# Your objective
In the material below, the lines between the one holding "POZIA Shower Door" and the one holding "Luxury decorated wedding cake on the table", inclusive, are to be set down word for word. Pictures stay out.

# Stored data
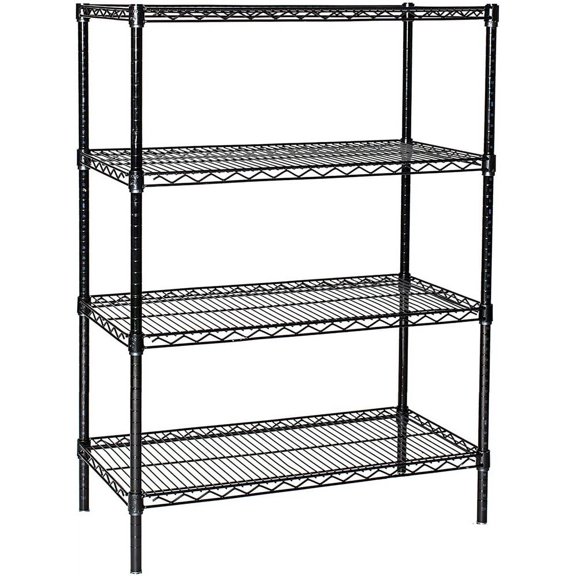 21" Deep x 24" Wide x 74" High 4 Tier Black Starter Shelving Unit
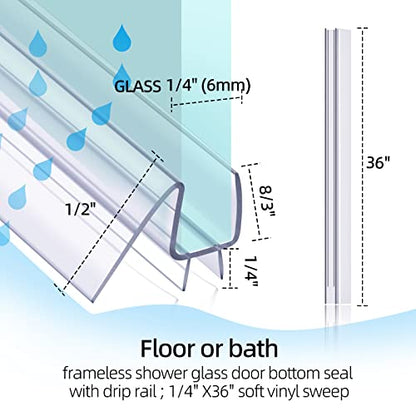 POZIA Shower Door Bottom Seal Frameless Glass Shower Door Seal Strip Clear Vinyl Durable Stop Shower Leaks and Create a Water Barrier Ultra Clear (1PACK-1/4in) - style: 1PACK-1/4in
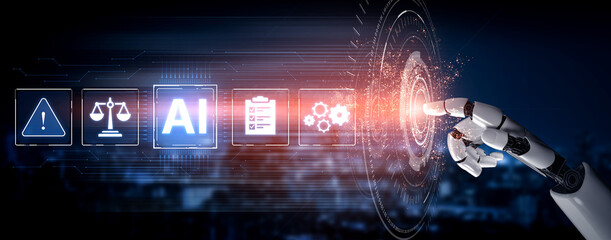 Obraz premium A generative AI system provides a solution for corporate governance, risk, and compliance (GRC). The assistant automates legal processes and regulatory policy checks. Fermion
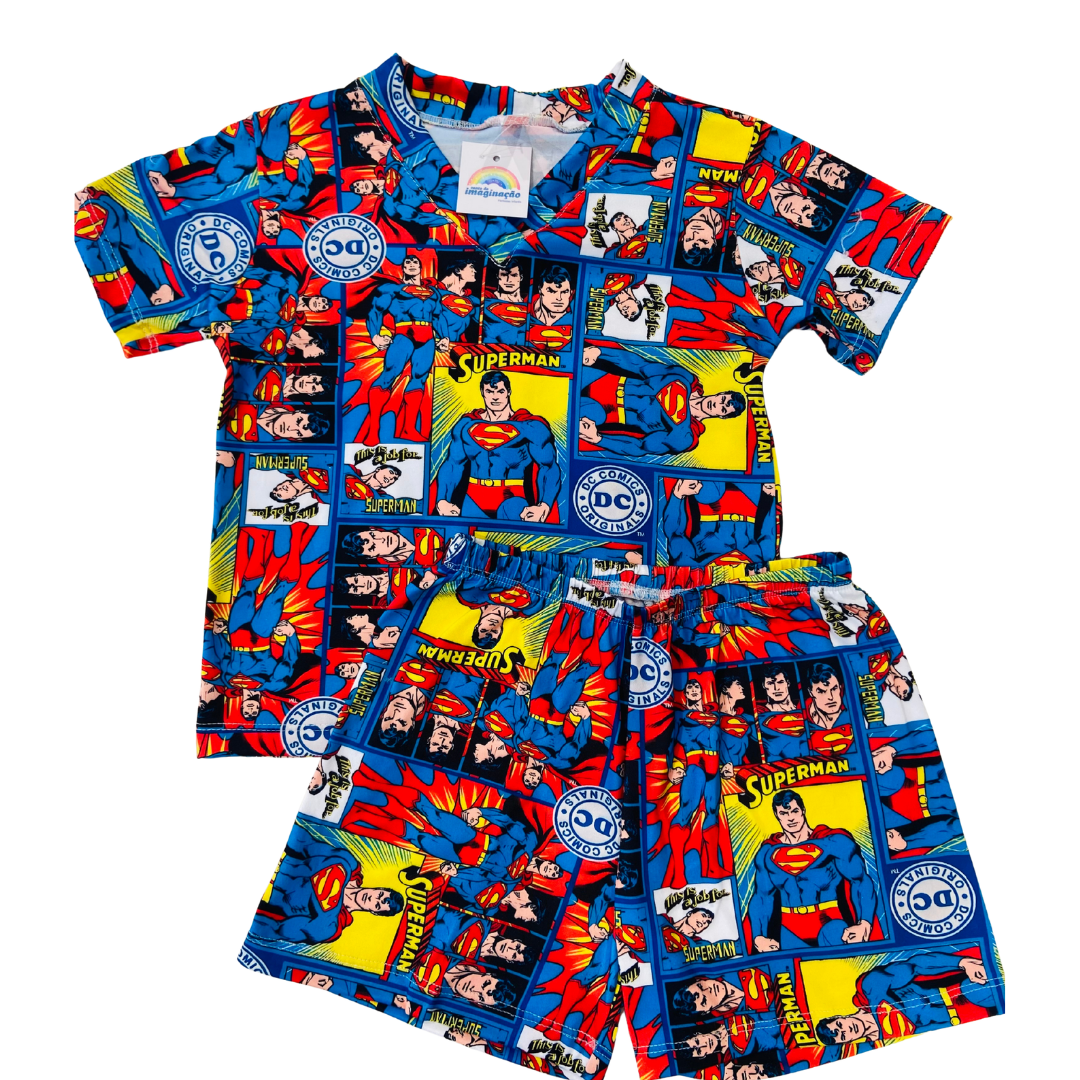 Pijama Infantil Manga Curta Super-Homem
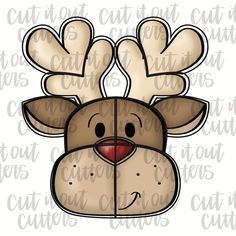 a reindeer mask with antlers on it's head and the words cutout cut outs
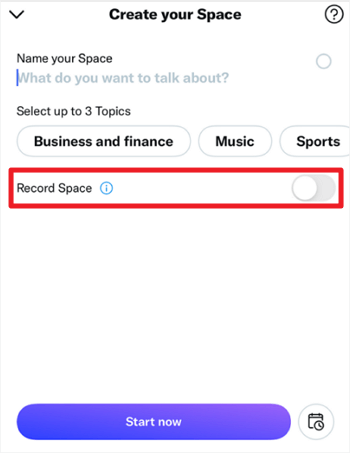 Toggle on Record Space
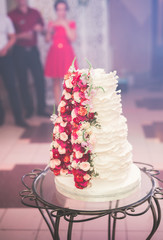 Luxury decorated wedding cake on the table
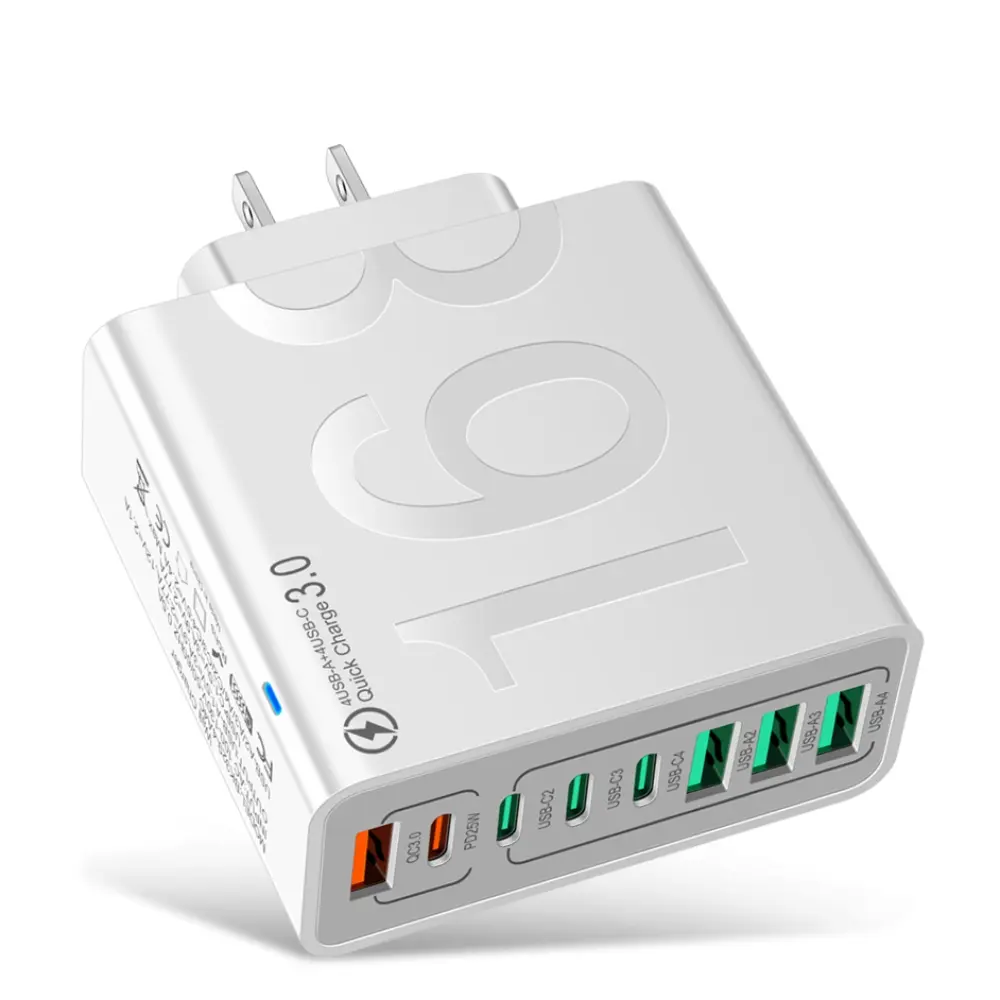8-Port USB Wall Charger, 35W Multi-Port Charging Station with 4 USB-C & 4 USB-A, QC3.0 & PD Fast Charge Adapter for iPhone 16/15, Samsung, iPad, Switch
---
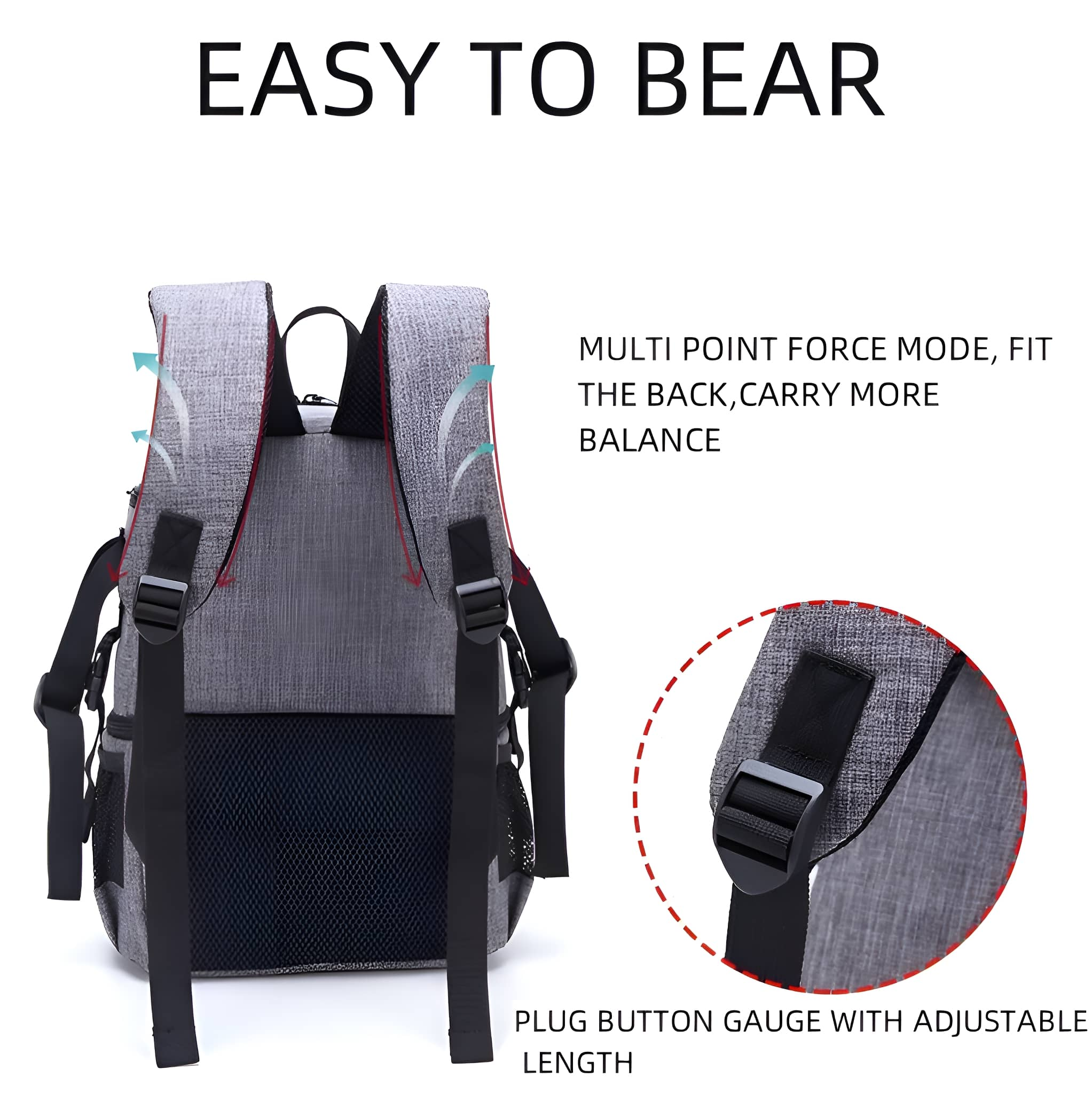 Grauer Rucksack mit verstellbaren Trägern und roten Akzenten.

# Expected answer
 POZIA Shower Door Bottom Seal Frameless Glass Shower Door Seal Strip Clear Vinyl Durable Stop Shower Leaks and Create a Water Barrier Ultra Clear (1PACK-1/4in) - style: 1PACK-1/4in
 Obraz premium A generative AI system provides a solution for corporate governance, risk, and compliance (GRC). The assistant automates legal processes and regulatory policy checks. Fermion
 Pijama Infantil Manga Curta Super-Homem
 a reindeer mask with antlers on it's head and the words cutout cut outs
 Toggle on Record Space
 Luxury decorated wedding cake on the table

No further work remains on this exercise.